- 1998 photograph of 3 of 4 high-rises viewed from 41st St. & Lake Shore Drive seconds prior to being demolished by implosion
- Interactive map of Lake Michigan High–Rises

General information
- Location: Bounded by Oakwood Boulevard and 42nd Place and Oakenwald and Lake Park Avenues Chicago, Illinois, U.S.
- Coordinates: 41°49′16″N 87°36′3″W﻿ / ﻿41.82111°N 87.60083°W
- Status: Demolished (4 high–rises; 1998) Renovated (Olander/Lake Parc Place)

Construction
- Constructed: 1962–1963

Listing
- Demolished: December 12, 1998 (implosion)

Other information
- Governing body: Chicago Housing Authority (CHA)

= Lake Michigan High-Rises =

Residential buildings in Chicago, Illinois

The Lake Michigan High-Rises, also known as Lakefront Homes, was a Chicago Housing Authority (CHA) public housing project in the North Kenwood–Oakland neighborhood located in the South Side of Chicago, Illinois, United States. Constructed in 1962 and completed in 1963, The Lake Michigan High-Rises originally consisted of four 16-story buildings, totaling 457 units. The Lake Michigan High-Rises was located west of Lake Shore Drive and was included as a part of the CHA Lakefront Properties. Today, only two buildings of the Lakefront Properties exist; they were officially renamed from Victor Olander Homes to Lake Parc Place in 1991. The other four high–rises were demolished by implosion in December 1998, it was the first and only to date in Chicago Housing Authority history.

==History==
Constructed between 1961 and 1963, The buildings were completed in March 1963; consisting of six buildings. The first three buildings (1132 E. 42nd Street, 1130 E. 41st Street and 4155 S. Lake Park Avenue) sat 16–stories high in a u–shape cluster (also known as the Horseshoe buildings) bordered by Lake Park Avenue to the west and Oakenwald Avenue to the east. The other buildings (4040 S. Oakenwald Avenue, which sat 30 yards north from the clustered buildings), and the Victor Olander Homes (which still stands today north of the former Oakenwald building site.)

The Lake Michigan High-Rises were occupied until December 1985; when all but the one building at Oakenwald Avenue were vacated (which was later vacated in January 1986). In May 1985, The Chicago Housing Authority told the residents the buildings would undergo renovation in the coming months and residents would have to be relocated to other CHA sites. Prior to the proposed renovation plans, Residents were opposed to the relocation; fearing they wouldn't be able to return to the buildings. The authority received $14 million grant from Housing and Urban Development (HUD) to begin the renovation process in December 1985. Eleven families at the Oakenwald building refused to leave. According to residents, The housing authority began the process of forcing them out by extreme measures. The authority turned off heat and electricity in the building, Elevators stopped working and pipes burst which led to water freezing on the stairwells. After the electricity and water was turned off, Residents vacated the building in mid-January 1986.
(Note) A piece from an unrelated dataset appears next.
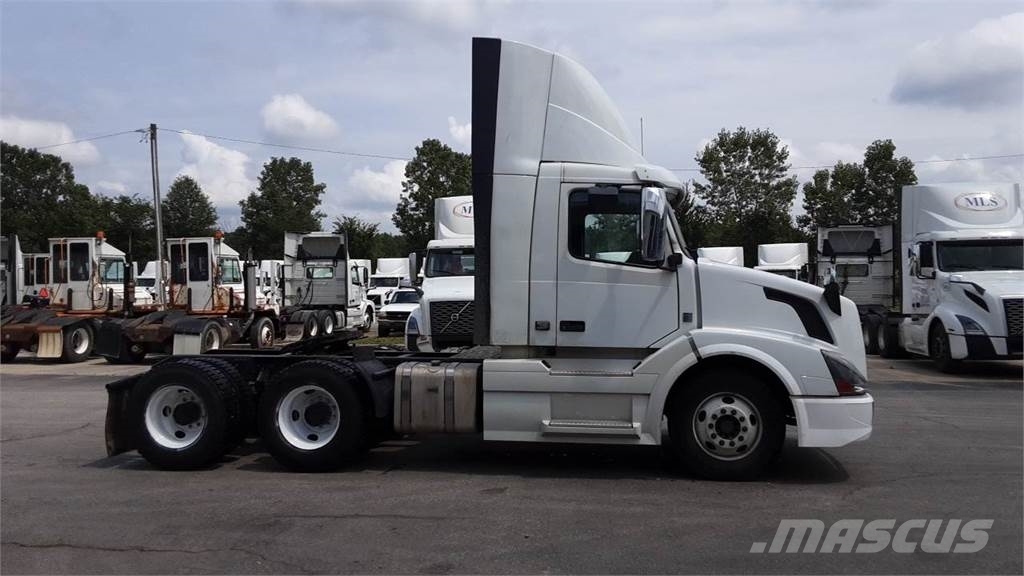Volvo VNL300 وحدات الجر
In December 1987, Developer Ferd Kramer submitted a plan to CHA; proposing to demolish four of the six buildings to build new low–rise housing in the area. The Illinois Housing Development Authority supported Kramer's plan. CHA rejected Kramer's proposal, saying it didn't provide a full replacement of the units it proposed to demolish. Then–Mayor Harold Washington opposed the plan, saying the city would keep its promise to renovate and allow former tenants to move back. Shortly after Washington's death, the housing authority halted the renovation efforts and decided to board–up the vacant buildings. In February 1988, The decision was made to demolish the high-rises and replaced them with low-rise scattered-sites. The authority received a $14 million grant from HUD and rehabbed the Victor Olander Homes, renaming the buildings Lake Parc Place in August 1991. Then–CHA director Vince Lane stated that the Oakenwald building would be renovated the following spring with the remaining funds from the grant and the remaining buildings would soon follow the same fate.

==Implosion and Sullivan Station==
After sitting vacant for 13 years, The Chicago Housing Authority decided to demolish the four buildings by implosion in 1998. Members of the Lakefront Community Organization, a group made up of former residents of the high-rises requested a halting of the implosion to a U.S. judge, citing all the replacement units hadn't been built. The implosion was carried out on December 12, 1998, at 8:18 am by Controlled Demolition, Inc., costing the authority $1.9 million. Today, the site consist of town-homes and mid-rise buildings in a complex named The Sullivan Station, named after a railway station that existed in the area decades before the high-rises were built.